Het is een pijnpunt dat zich in het geheel van de Verenigde Naties voordoet. Zo werd onlangs bekend dat China, Rusland en Cuba zijn gekozen in de Mensenrechtenraad van de Verenigde Naties, de organisatie die wereldwijd toeziet op de naleving van mensenrechtenverdragen. ”Alsof een vos een kippenren bewaakt”, kopte een NOS-artikel. Het maakt duidelijk dat landen mensenrechten invullen op basis van eigen ideologie en de niet-bindende verdragen om verschillende beweegredenen ratificeren.
Die motieven kunnen zijn gebaseerd op de traditionele cultuur van het land, religieus gedachtegoed maar kunnen ook politiek en opportunistisch van aard zijn. De kennelijke discrepantie tussen woorden en feitelijk gedrag roept vragen op. Zo komt huiselijk geweld –en geweld tegen vrouwen in het algemeen– vaker voor in niet-Westerse culturen en wordt het soms zelfs volstrekt normaal gevonden. Het is de ervaring van zendingsorganisaties dat ook na bekering tot het Christendom het vaak nog verdere Bijbelse vorming vergt voordat schadelijke patronen in het gezinsleven worden doorbroken. Zo bezien is het alleen het Evangelie dat werkelijk kracht doet in de harten van mensen, en de relatie tussen man en vrouw werkelijk herstelt.

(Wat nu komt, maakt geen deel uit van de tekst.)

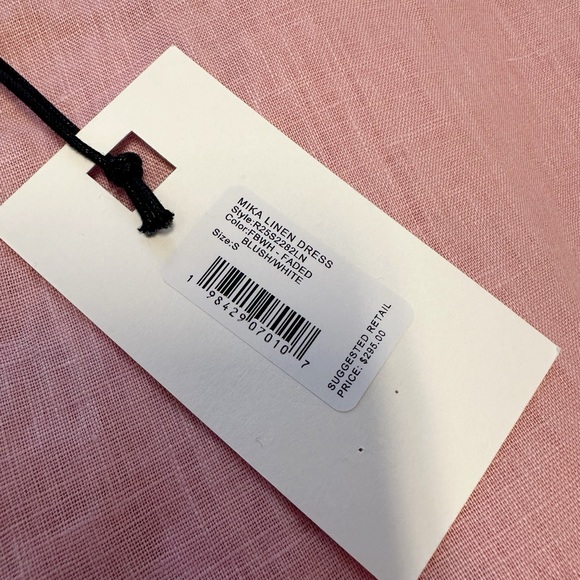 STAUD Mika Linen Dress blush/white size S - Picture 6 of 7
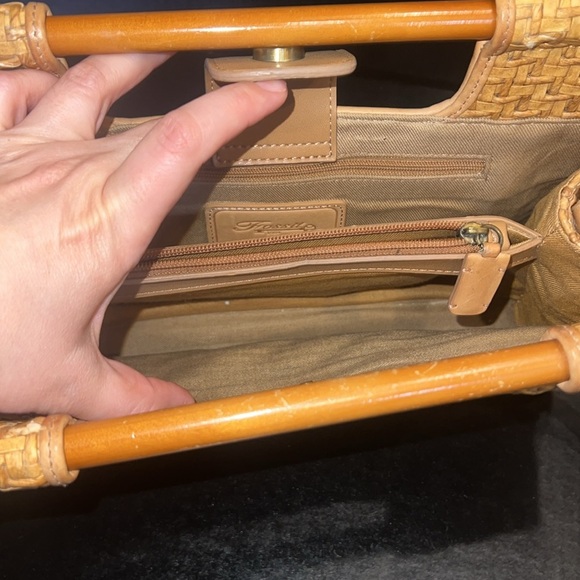 Fossil Basketweave Crossbody Bag with Wooden Handles - Picture 5 of 9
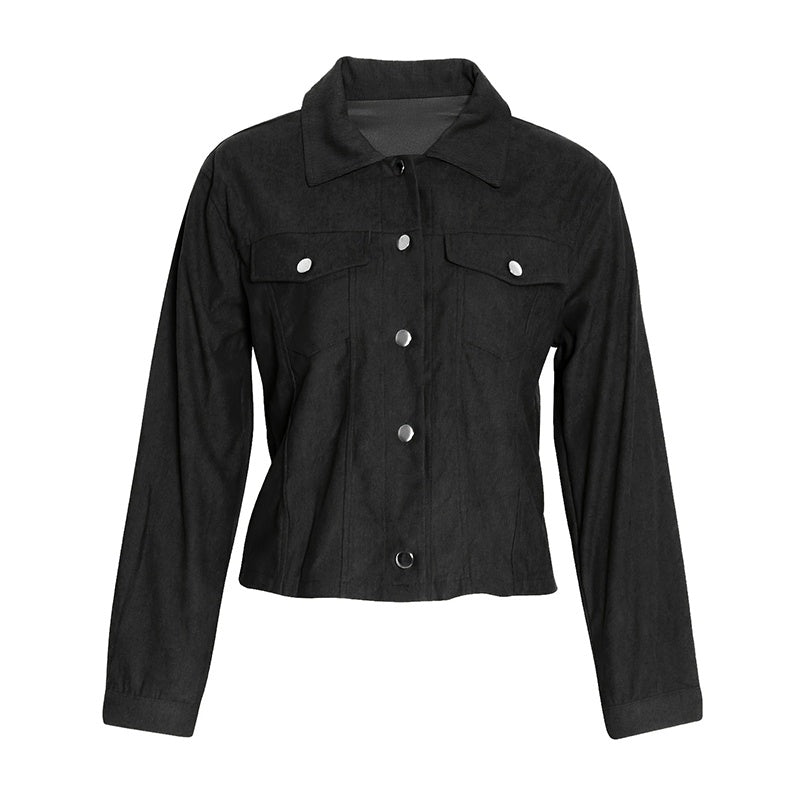 Urban Explorer Corduroy Button-Up Jacket – Casual Lightweight Coat with Flap Pockets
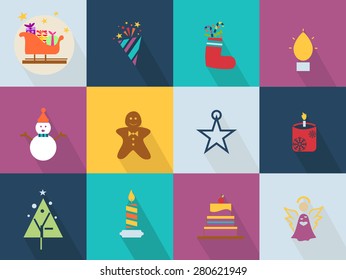 Christmas icons set with objects typical of the party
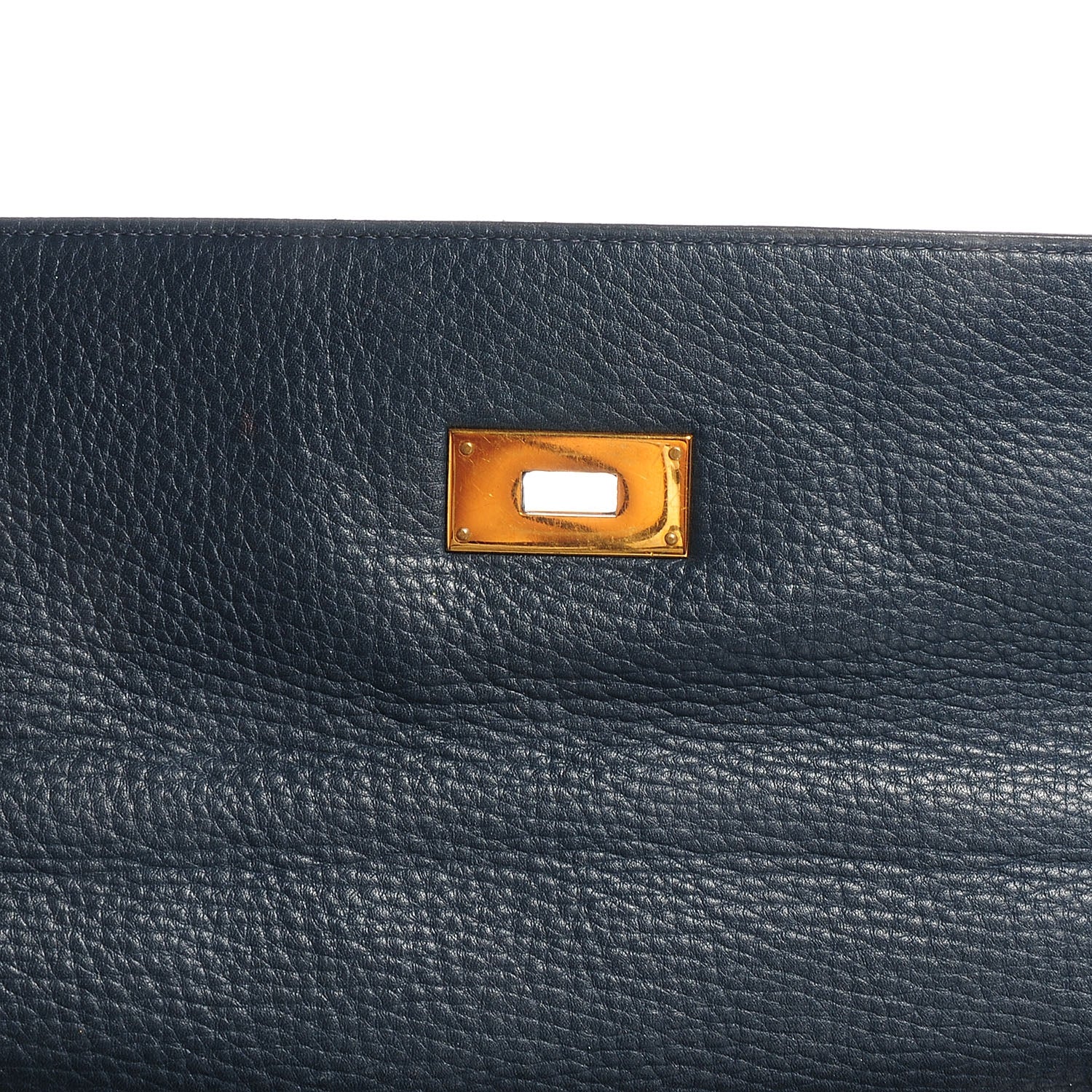 Hermes Taurillon Clemence Kelly 40 w/ Pelican Cadena Lock Bleu Marine 18 of 39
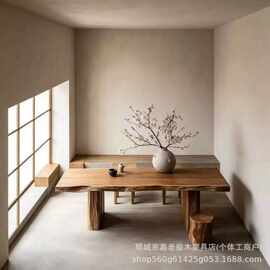 中式老榆木茶几桌家用民宿方形餐桌展示台茶台泡茶桌椅组合办公桌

Waarde van de Geneefse Verklaring
Ondanks deze kanttekeningen vormt de Geneefse Verklaring een krachtig tegengeluid. De modern-Westerse denkwijze die haar oorsprong in de Verlichting vindt, staat haaks op het gedachtegoed van een groot deel van de wereldbevolking, ongeacht ideologie of lokale cultuur. Zoals wij in het Westen krtitisch mogen kijken naar de praktijk van mensenrechten elders in de wereld, zo is het voor veel niet-Westerse mensen onbegrijpelijk hoe in het Westen de ‘nieuw verworven vrijheden’ worden gevierd. Te denken valt aan het ontmantelen van het traditionele gezin, wetgeving op het gebied van abortus en euthanasie en gendergelijkheid. Individualisme en zelfbeschikking hebben minder weerklank in collectieve culturen zoals in Afrika, Azie en Zuid Amerika. De VN heeft geen mandaat om de progressief Westerse agenda op te dringen aan deze landen en zo deze agenda sluipenderwijs om te zetten in (inter)nationaal beleid.
Goede woorden en krachtige verklaringen ten spijt, noch een links-progressieve agenda, noch een rechts-conservatie agenda, geeft uiteindelijk uitkomst. Alleen een vernieuwing van het denken naar de maatstaven van het Evangelie geeft werkelijk een verandering ten goede. Een revolutie die zich in het hart voltrekt door het werk van de Geest. Dat alleen leidt tot werkelijke bloei van huwelijken, gezinnen en gemeenschappen.